Forcing cssh to use IPv4

csshThe majority of the servers I look after are managed by puppet[1], but we have a suite of 10 older servers which fall outside of that management environment.

We’re slowly replacing them with Shiny! New! Managed! Servers! ™ but until we’ve completed that work we’re stuck with limited management tools, doing things manually at the command line, like it’s still the 20th century[2]

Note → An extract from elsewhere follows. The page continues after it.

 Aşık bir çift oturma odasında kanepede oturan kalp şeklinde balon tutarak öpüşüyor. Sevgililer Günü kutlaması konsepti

Occasionally we need to do the same thing on every server (eg kick off a “yum update” or whatever) and using ssh to connect to them all one at a time is tedious.

So, we use cssh which is a scary… dangerous… “powerful” tool that spawns a load of ssh sessions and allows you to send the same keypresses to all the servers at once.  I don’t like using it, it feels like a really dirty way to admin a bunch of hosts, but sometimes it’s a necessary evil.

As long as you’re careful what you type, and don’t do anything daft like “sudo bash” then you can keep a lid on the fear.

One of the “features” of this bundle of 10 servers is that they’re dual stack IPv4 and IPv6, but ssh is only accepting connections on the IPv4 address.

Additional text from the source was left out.